Coding for Friendship and Play
Most kids don’t see themselves as tech nerds, but most play games together, and all of them care about friendships. Kids who aren’t interested in coding for coding’s sake can still be motivated to code if it’s part of having fun with friends. In the early years of social media, we discovered that kids were learning html because they wanted to modify their MySpace profiles to stand out to their peers.
More recently, innovators in coding education have been building tools and programs that embed coding within game design and game play as a way of tapping similar motivations. Gaming is a big part of what kids do together for fun, so why not meet kids where they are?
The new littleBits Code Kit is a great example of tapping this strategy to get kids into coding. Kids code as part of building games, and then they get to play the games together! At Connected Camps, we use this strategy too – in camps and afterschool programs that introduce kids to coding through Minecraft, and by building games in Scratch.
Gaming isn’t the only social activity that can be tapped for coding. In an National Science Foundation funded Coding for All project, my team at UC Irvine is collaborating with the MIT Scratch team, developing activities for kids to code as part of building hip hop dance videos. In their Digital Youth Divas program, the Digital Youth Network gets girls coding through e-textiles – coding for fashion and style!
Coding for Career
The Google-Gallup study also asked students about their interest and confidence in pursuing computer science as a career. Only a quarter of students were interested in learning to code, and slightly more kids said they were likely to use computer science in their job. Bucking the stereotype, more Black and Hispanic kids saw CS in their future than White kids. Black and Hispanic parents were also much more likely than White parents to see CS as a likely part of their kids’ learning in the future.
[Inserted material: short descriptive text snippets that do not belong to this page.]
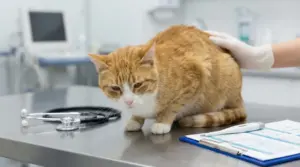 Gatto su un tavolo veterinario durante una visita medica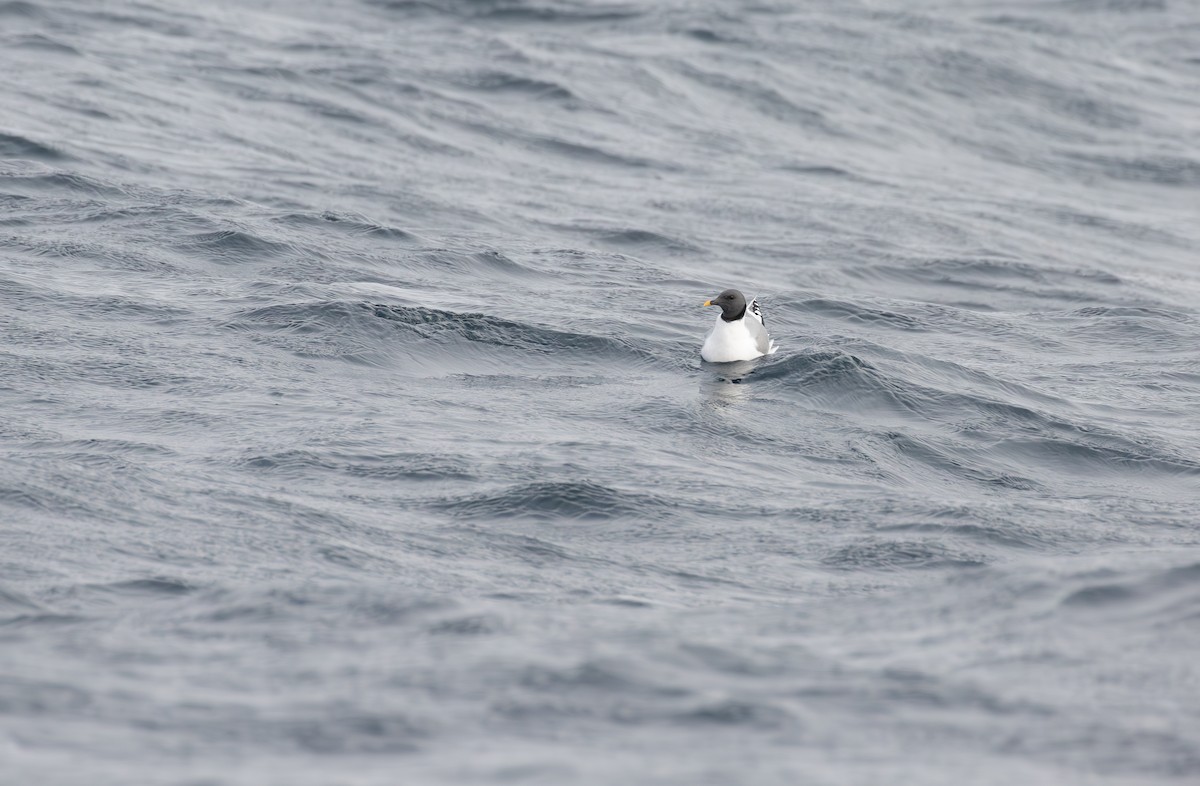 Sabine's Gull - ML610365997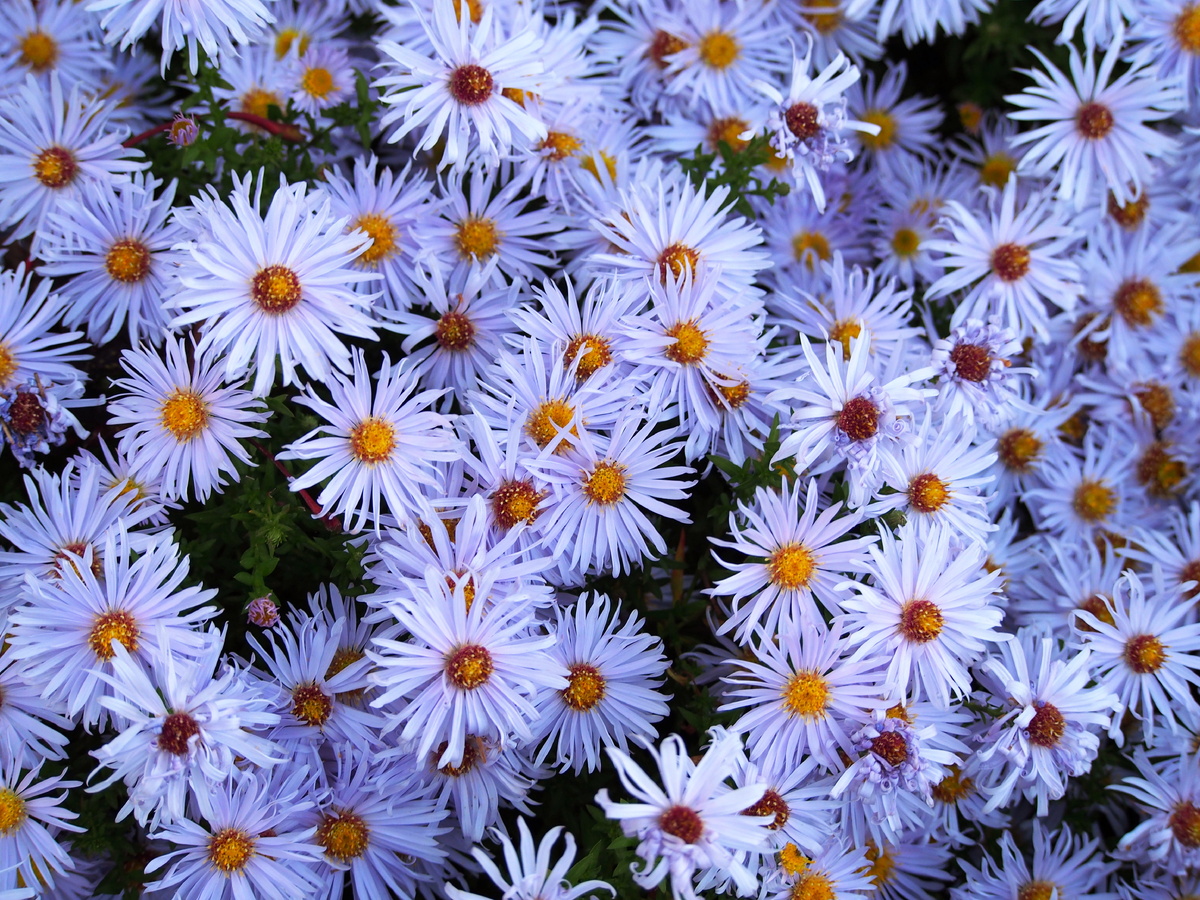 Aster 'Blaubox'. Фото: Agnieszka Kwiecień, Nova / Wikimedia Commons
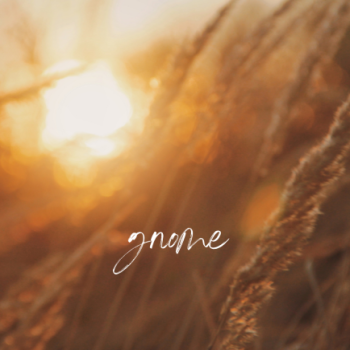 Gnome - Close-up of grass with a soft focus on sunset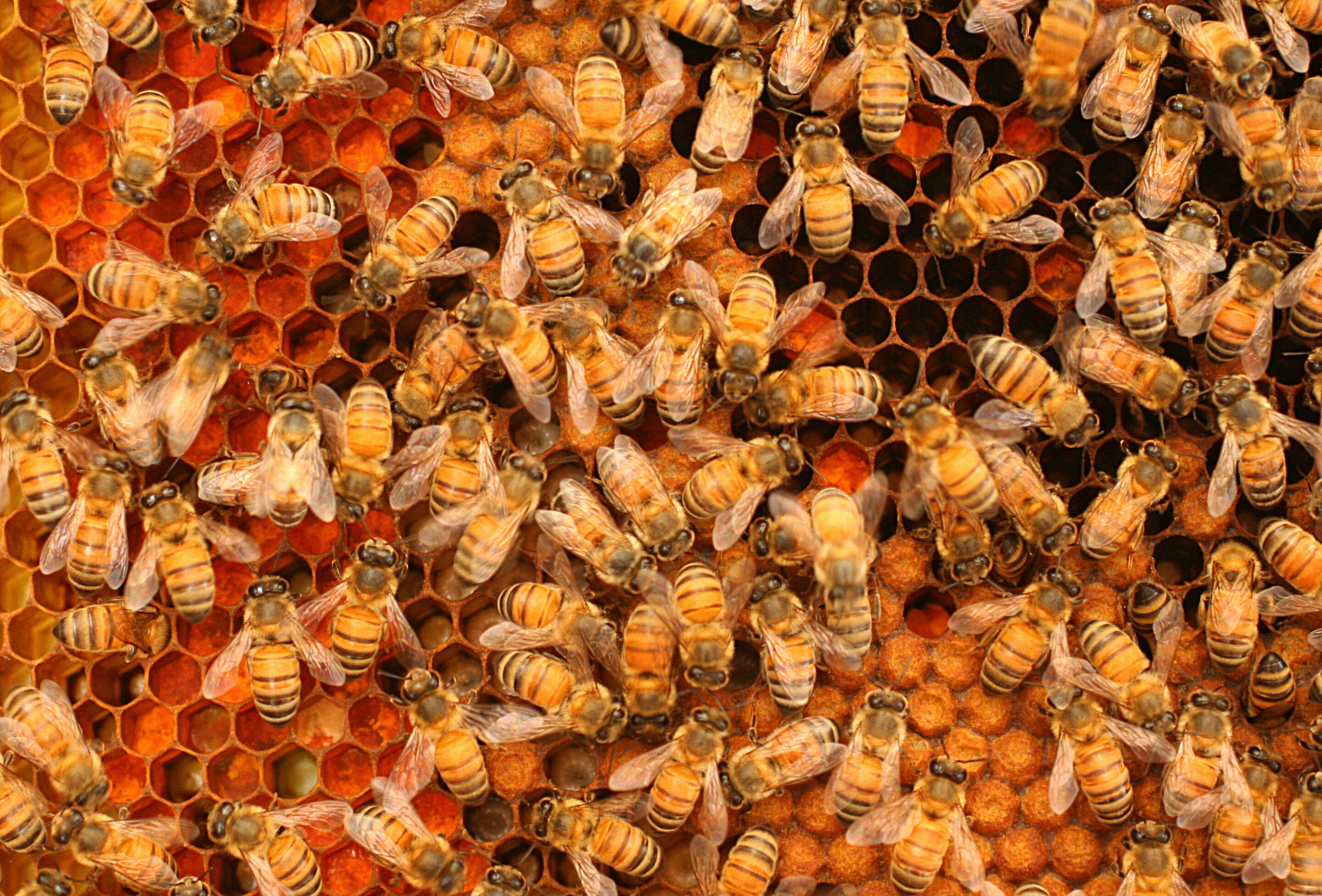 Size matters for bee 'superorganism' colonies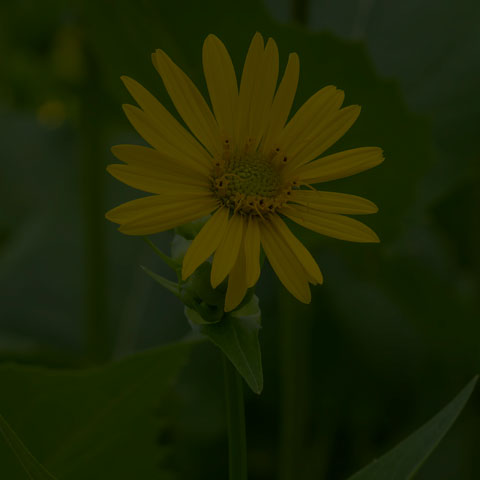 Cup Plant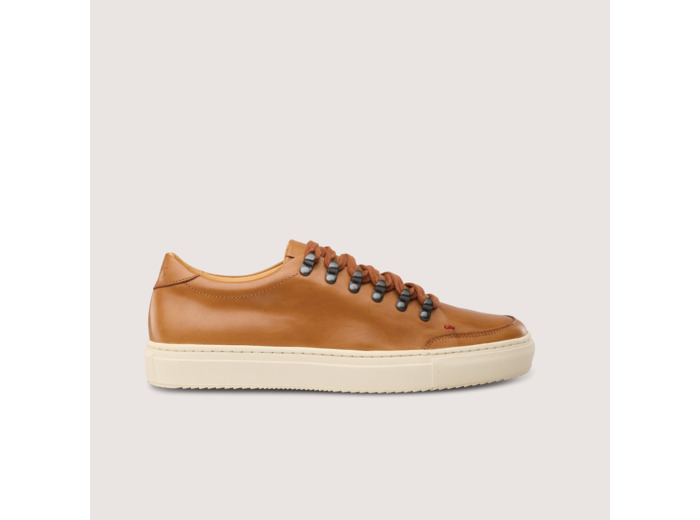 Sneakers Homme Roger Gold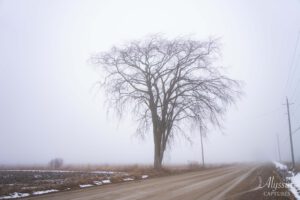 Foggy tree silhouette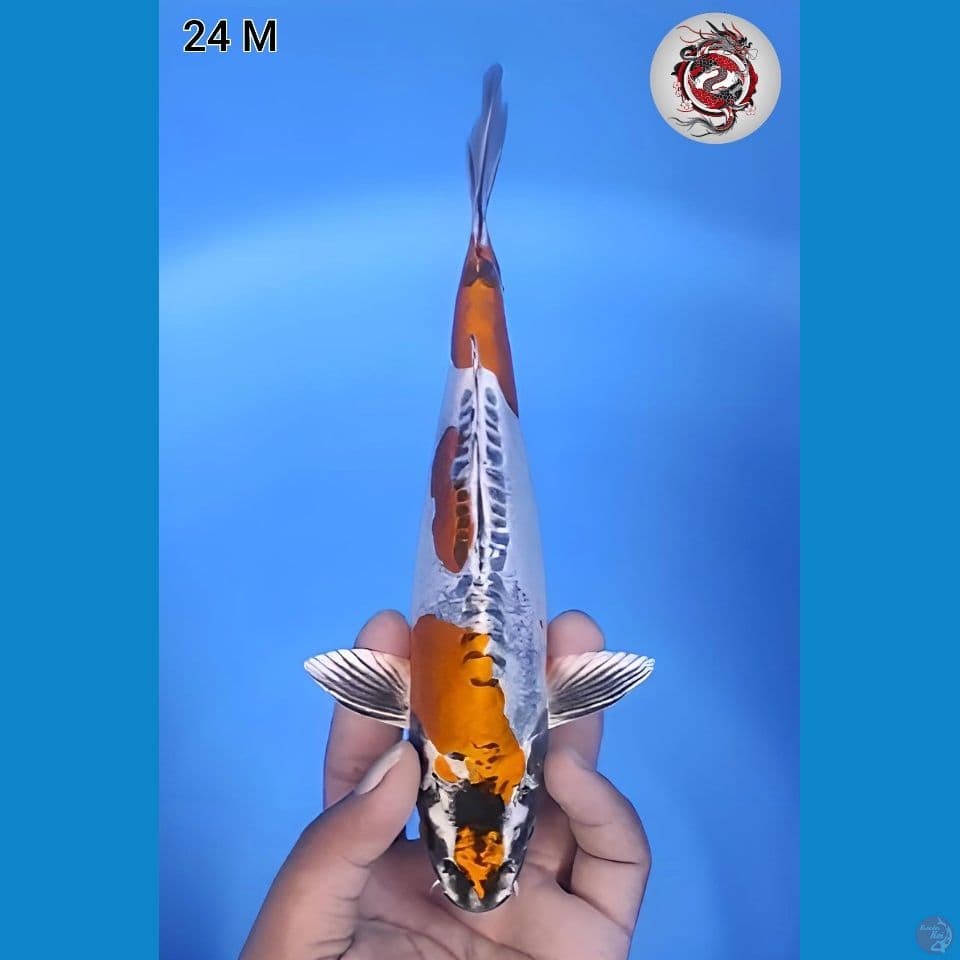 Kiko Original Mantap 24cm Jantan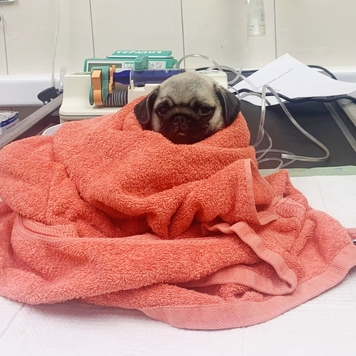 Фотоконкурс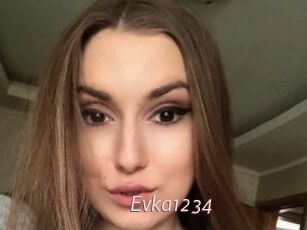 Evka1234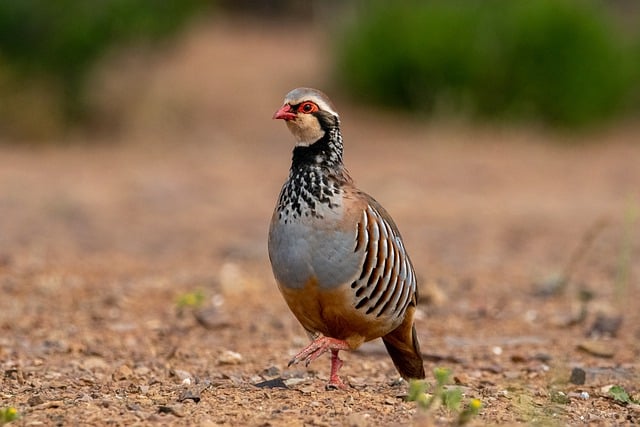 Red partridge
From Google-Gallup 2016, Diversity Gaps in Computer Science
Coding is one of the fastest-growing areas of employment, and most new coding jobs are outside the tech sector in areas like finance, manufacturing, and healthcare. It’s not surprising that kids and families who see coding as a future job opportunity are more interested in pursuing learning to code. Like other technology and engineering specialties, coding can offer new pathways to opportunity and upward mobility.
Career motivations are different, but just as valid as the motivations of kids with a burning personal passion for coding. And a kid who starts coding to get a good grade in a class or for an economic edge may develop a personal passion along the way. Pathways into STEM learning are diverse. If we really want to draw all kids into coding, we need to meet kids where they are.